Absence of key aide to Kim Jong Un hailed as ‘positive sign’ in nuclear talks
Hardliner Kim Yong Chol is thought to have been removed from his post in the wake of the early ending of February’s summit with Donald Trump.
North Korean leader Kim Jong Un’s most trusted policy adviser apparently has been removed from one of his posts, a South Korean politician has said.
The possible personnel reshuffle comes in the wake of the breakdown of the North Korea-US summit in February and as the North Korean leader visits Russia.
The head of the South Korean parliament’s intelligence committee, Lee Hye-hoon, cited South Korea’s main spy agency as saying that Kim Yong Chol lost his Workers’ Party post in charge of relations with South Korea earlier this month.
He was replaced by the little-known Jang Kum Chol as the director of the party’s United Front Department, Lee said.
Ms Lee said she obtained the information at a private briefing from the National Intelligence Service.
Kim Yong Chol has been North Korea’s top nuclear negotiator and counterpart of US secretary of state Mike Pompeo since Kim Jong Un entered nuclear talks with the US early last year.
He travelled to Washington and met President Donald Trump twice before Mr Kim’s two summits with Mr Trump.
His rise had baffled many North Korea watchers because he handled South Korea ties, not international or US relations.
Previously, he was a military intelligence chief believed to be behind a number of provocations, including two deadly attacks in 2010 that killed 50 South Koreans and an alleged 2014 cyber-attack on Sony Pictures.
Both Seoul and Washington imposed sanctions on him in recent years.
The NIS and the Unification Ministry, a Seoul agency responsible for North Korea ties, said they could not immediately confirm the information on Kim Yong Chol.
The NIS has a mixed record in confirming developments in North Korea.
But if confirmed, Kim Yong Chol’s replacement would add to speculation that he is being sidelined from nuclear diplomacy to take the responsibility for the failure of the February summit in Hanoi.
Kim Jong Un, who is desperate to revive his country’s moribund economy, returned home empty-handed from Hanoi after Mr Trump rejected his calls for easing US-led sanctions in return for dismantling a key nuclear complex, a limited denuclearisation step.
(Pyongyang's) significantly diminished reliance on Kim Yong Chol is a very positive sign for the denuclearisation negotiations between North Korea and the United States Cheong Seong-Chang, analyst
Kim Yong Chol was not among a list of officials accompanying Kim Jong Un on his current visit to Russia, which began earlier on Wednesday.

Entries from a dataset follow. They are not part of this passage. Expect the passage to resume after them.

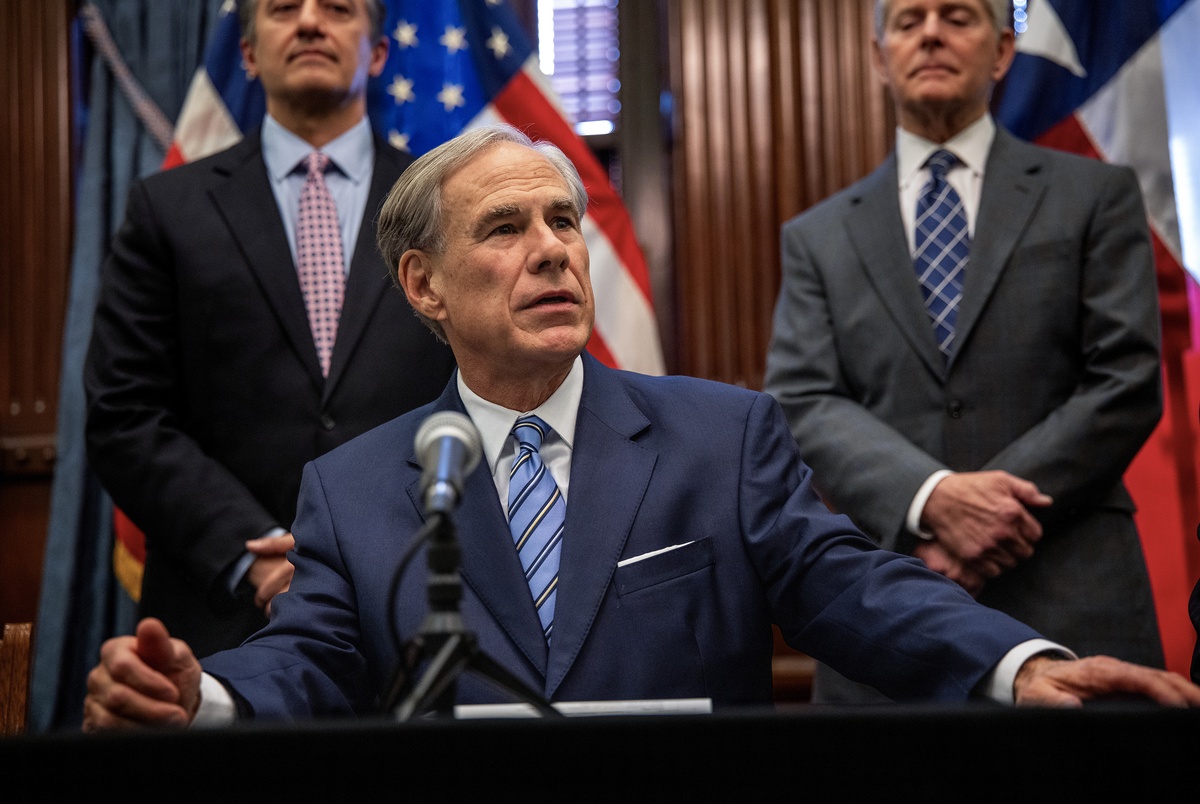 Texas Monthly – Texas leaders have repeatedly claimed the state’s voting maps are race blind. Until the Trump DOJ disagreed.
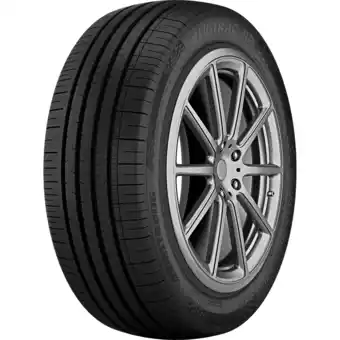 Walmart Armstrong Blu-Trac HP UHP All Season 245/40R17 95W XL Passenger Tire offer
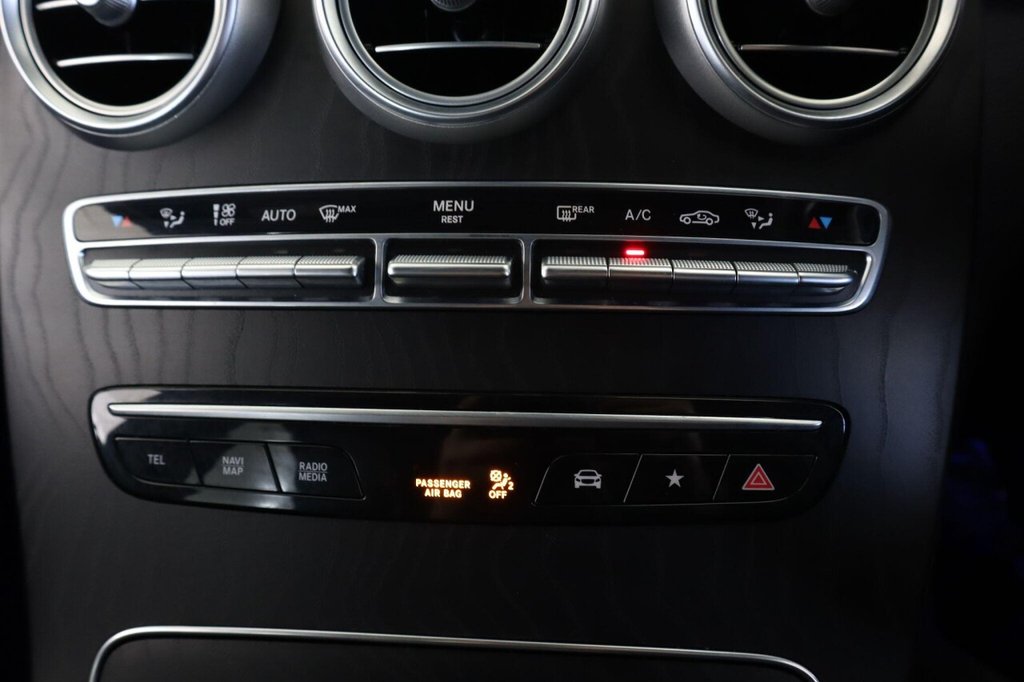 Used Mercedes-Benz GLC 2021 for sale - 76642449: Photo 22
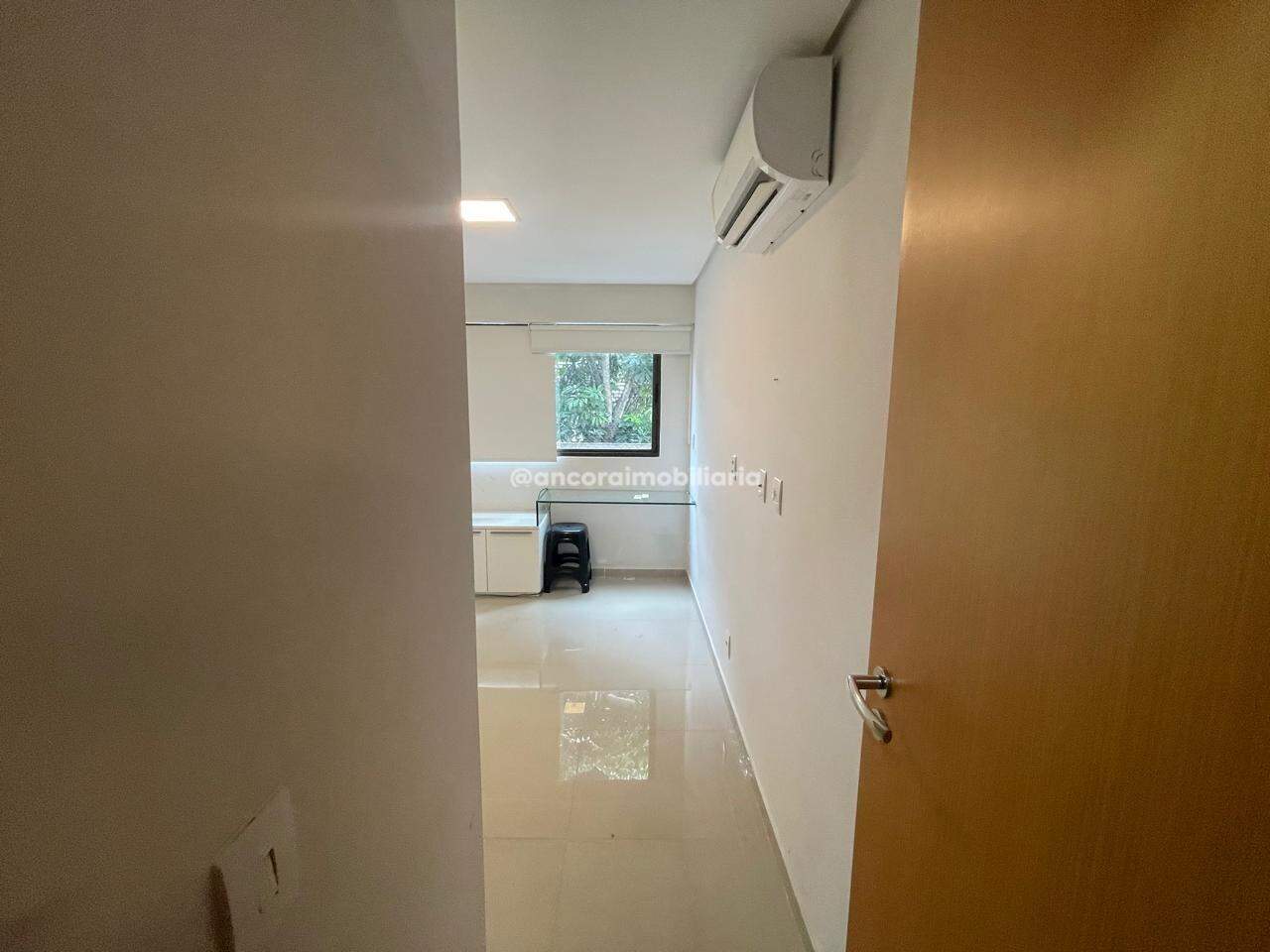 Apartamento para aluguel no Graças: 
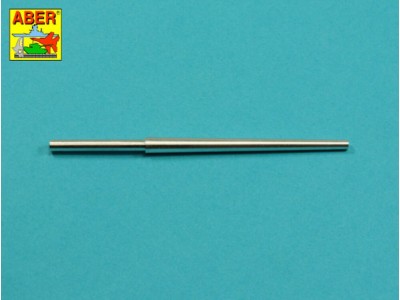 U.S. M7 Barrel for M10 Tank Destroyer 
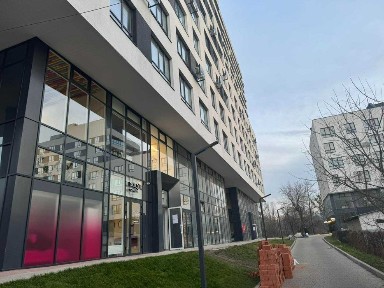 Терміново ! Продаж комерційної нерухомості вул Замарстиніська Лінкольна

Many experts in South Korea said North Korean foreign minister Ri Yong Ho and first vice foreign minister Choe Son Hui would take the lead in the nuclear diplomacy.
“(Pyongyang’s) significantly diminished reliance on Kim Yong Chol is a very positive sign for the denuclearisation negotiations between North Korea and the United States,” said Cheong Seong-Chang, an analyst at South Korea’s Sejong Institute.
He called Kim Yong Chol “most responsible” for the second summit’s failure due to his hardline stance.
While the NIS believes the personnel change possibly indicates that the department takes a back seat in the nuclear negotiations with Washington going forward, the spy agency also said it was not immediately clear whether Kim Yong Chol would be removed from the talks entirely or immediately, Ms Lee said.
Mr Kim still maintains several other prominent titles, including vice chairman of the Workers Party’s Central Committee and a member of the powerful State Affairs Commission.